Mayor Joshua Garcia and a councilor asked the Holyoke Retirement Board and the state retirement commission (PERAC) to reevaluate the city's aggressive pension amortization schedule so the city can explore less steep year-to-year pension appropriations and possible tax relief; PERAC actuary said state law limits immediate reductions without legislative action and an actuarial valuation is pending.

Mayor Joshua Garcia and members of the Holyoke City Finance Committee asked the Holyoke Retirement Board and the state Public Employee Retirement Administration Commission (PERAC) on Feb. 11 to reevaluate the city's pension funding schedule to reduce sharp year-to-year increases in pension appropriations and explore options for tax relief.

The request, which Councilor Meg McGrath Smith submitted in writing and the chair read into the record, proposes extending the city's amortization timeline so Holyoke would remain actuarially sound while moving the municipal full-funding date from roughly 2032 to a later year (McGrath Smith's notes suggested 2037 as an example) to ease near-term tax pressure. "This responsibility creates a cushion, not knowing that the market can always change and veil volatility is part of the investment," the councilor's statement said, arguing the change could "allow us to decrease the tax levy by a significant amount."

At the meeting the chair moved to accept the mayor's letter and the council approved the motion by voice vote. Mayor Garcia told the committee the city is seeking a reevaluation, not an attempt to avoid obligations: "We're not talking about reducing, in a way where we're trying to steer away from our responsibility to fully fund," he said, adding the review is intended to inform whether the current schedule remains appropriate amid rising fixed costs like health insurance.

John Borak, an actuary for PERAC, told the committee that the retirement board is scheduled for a valuation as of Jan. 1, 2026, and cautioned that state law constrains how quickly the city can reduce its contribution. "The appropriation in any fiscal year cannot be less than the appropriation in the prior fiscal year," Borak said, and he reported the city's FY26 appropriation was $19,900,000 while the schedule then called for $20,700,000 in FY27. Under current law, Borak said, maintaining a $19,900,000 appropriation for FY27 would at most extend the full-funding date to about 2034; extending to 2037 would require legislative action at the state level.

Committee members and retirement board chair Cheryl (identified in the meeting as the retirement board's chair) confirmed the board conducts revaluations every two years and that the next formal valuation and actuarial report are expected in the May'July window. Several councilors requested that once the actuary's study is complete, the retirement board or its actuary present the results publicly before the council so elected officials and residents can assess any options.

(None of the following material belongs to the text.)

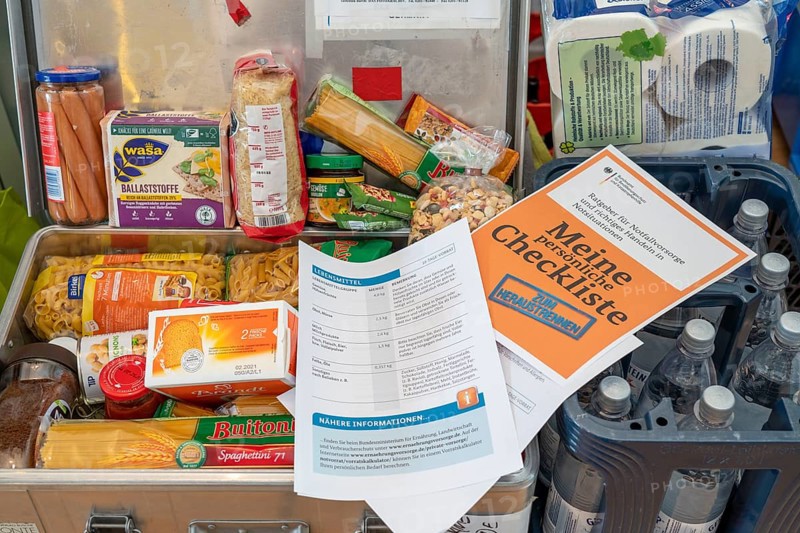 Emergency preparedness, food supply in a private household, box of long-life food, 10-day supply, according to the recommendations of the Federal Office of Civil Protection and Disaster Assistance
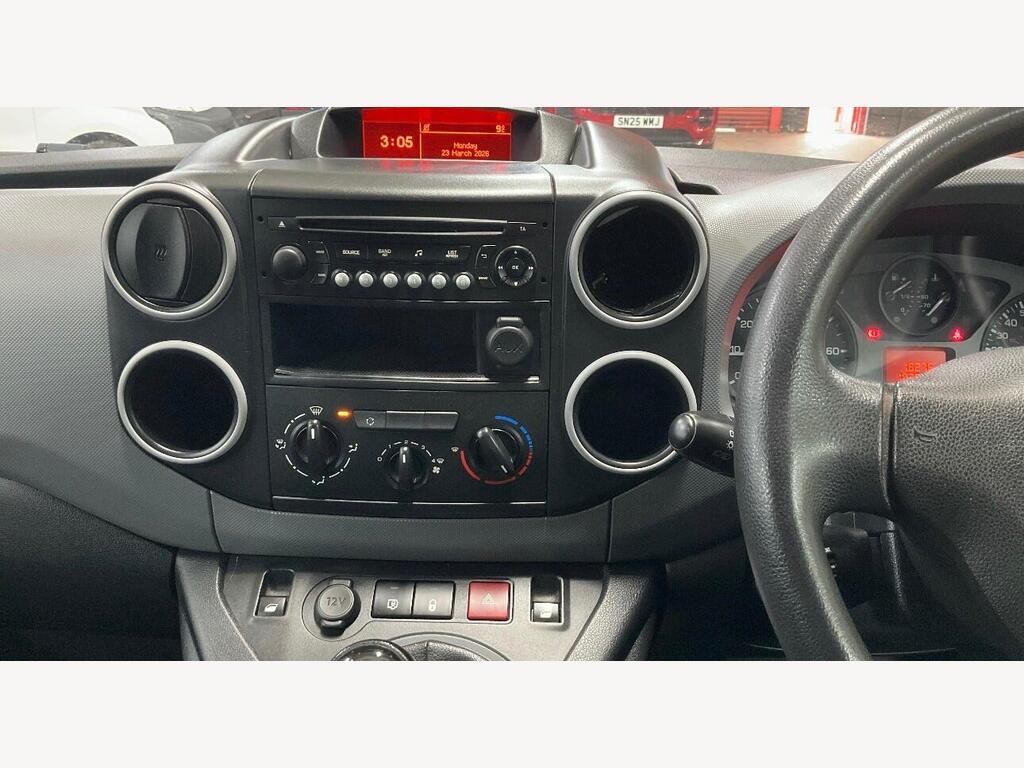 2017 Peugeot Partner thumbnail 6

The committee voted to table formal action on the mayor's request and to await the retirement board's upcoming valuation and actuarial report; staff and the mayor's office will share the valuation results with the finance chair and the council when available. The council indicated that subsequent steps could include drafting a formal order or, if necessary, seeking legislative relief to achieve a longer amortization period.

What happens next: the retirement board's valuation and actuarial report (expected in the coming months) will determine the funded ratio and any new unfunded actuarial liability; the council will review those results in public session before considering changes to the funding schedule.